Since microfilters impede water flow and cause pressure loss, it is required that the pressure drop across the filter be minimized. The most important parameter of a microfilter is the porosity, which has a significant effect on the pressure loss.

In order to obtain maximum porosity, the holes in the membrane should be as large and numerous as possible. Another solution for low pressure loss is to replace the membrane design with a lateral design.

The lateral design is a gap filter, which represents a short, wide passage with low fluid resistance.

The requirement for large porosity conflicts with the required robustness. Larger pores reduce the mechanical strength of the filter. Therefore, the effect of pore geometry on pressure loss should be considered.

The robustness of the filters is realized by the gap design, which is made of silicon blocks and can withstand high inlet pressures. Gap filters thus fulfill the requirements of low pressure loss and high mechanical strength at the same time.

Gap filters have the advantage of small and precise pore sizes. Depending on the manufacturing method, gap filters can be categorized into subtractive gap filters and additive gap filters.

Micro Separator

Separators are categorized as active and passive. Active separators utilize an external energy source to separate the desired cells and particles. Separation of desired cells/particles can be done by labeled or unlabeled methods.

microseparator
proactive	passive
electrodynamic	proliferate
ultrasounds	hydrodynamics
magnetically	filtration
optical operation	Deterministic lateral displacement
mechanical system	cell adhesion
hydrodynamics

In labeling-based methods, the cells to be isolated are first labeled with a marker such as fluorophores or microbeads. The markers are attached to cell surface proteins. In this case, fluorescent marker-based sorting and microbead-based sorting methods have been realized.

Label-free separation is another method of separation that relies on differences in the physical properties of the cells, such as size, elasticity, magnetic induction strength, shape, and polarizability.

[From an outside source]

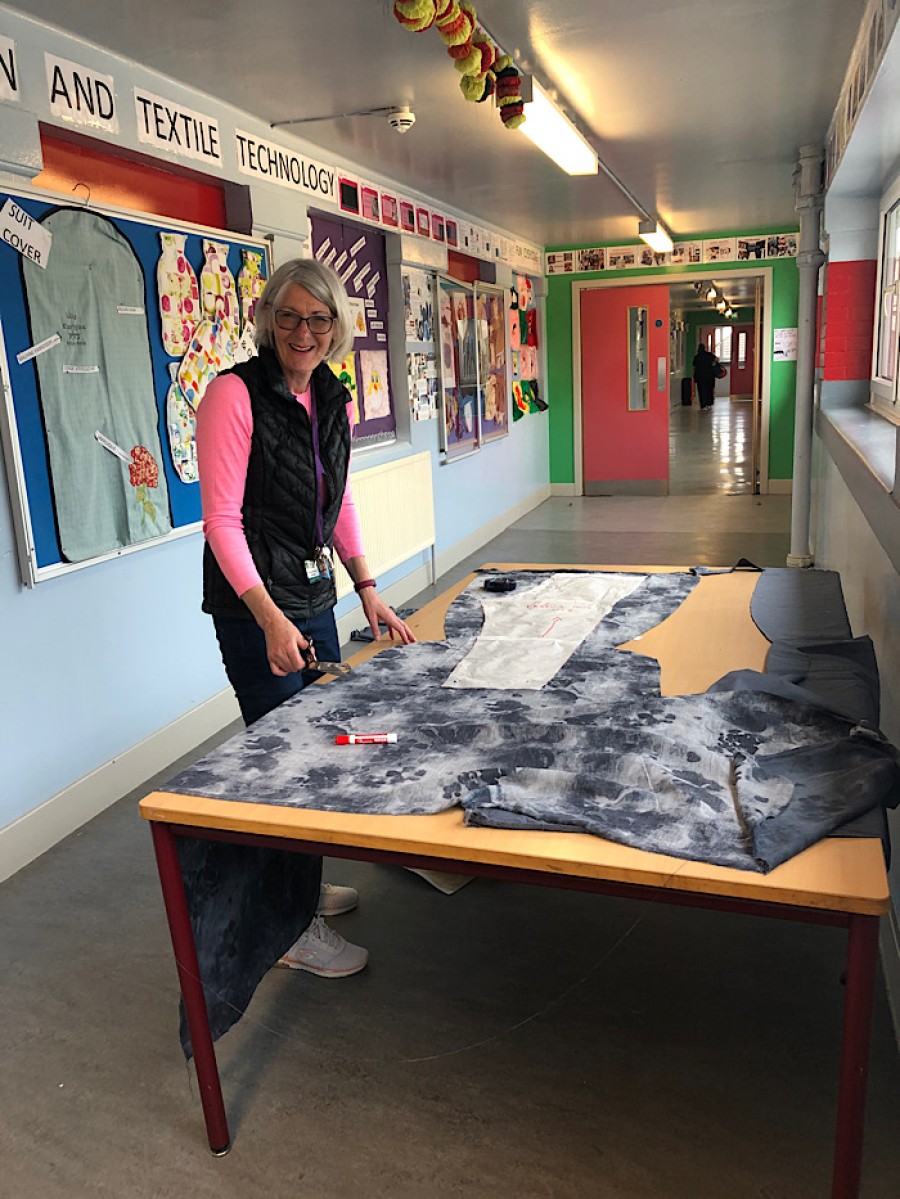  Teacher Shirley McIlroy cutting out shapes in the school corridor. Photo: Kay Muir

The identification of cell types using fluorescent probes is the basis for fluorescent labeling-based isolation operations. The identification is performed by a laser detection system.

First, the cells are labeled with a fluorescent marker. A laser beam excites the fluorescent marker, causing it to emit a longer wavelength of light. The signal is detected by an epifluorescent filter in the microscope, which identifies the cell type.

The desired cell type is then separated from the solution carrying the cells by active methods such as electrophoresis, dielectrophoresis, electrodialysis, acoustic swimming, optical manipulation, rotary valves, and gating.

In microbead-based cell separation, microbeads of specific size, material and surface binding affinity are bound to the desired cells. The bound complexes (cell beads) are then separated with the aid of an external field.

Bound cells are subjected to different forces than unbound cells. Separation of bound cells can be accomplished by magnetophoresis, sonophoresis, and electrophoresis.

The figure below illustrates the separation of circulating tumor cells (CTCs) from leukocytes using an external magnetic field.The CTCs are initially bound to magnetic microbeads. After inertial focusing in a curved channel, once exposed to the magnetic field, the bound CTCs deviate from the main flow and are directed towards the collection outlet by magnetophoresis.

Label-free separation methods do not require any labels to identify cell types. Therefore, this method requires a simpler sample preparation process and is very attractive for microfluidic separation purposes.

This separation method relies on differences in the intrinsic properties of the target cells, such as size or deformability when exposed to external energy sources (e.g., acoustic, electric, magnetic, and optical manipulation). Importantly, passive methods that do not require an external energy source can also achieve label-free separations.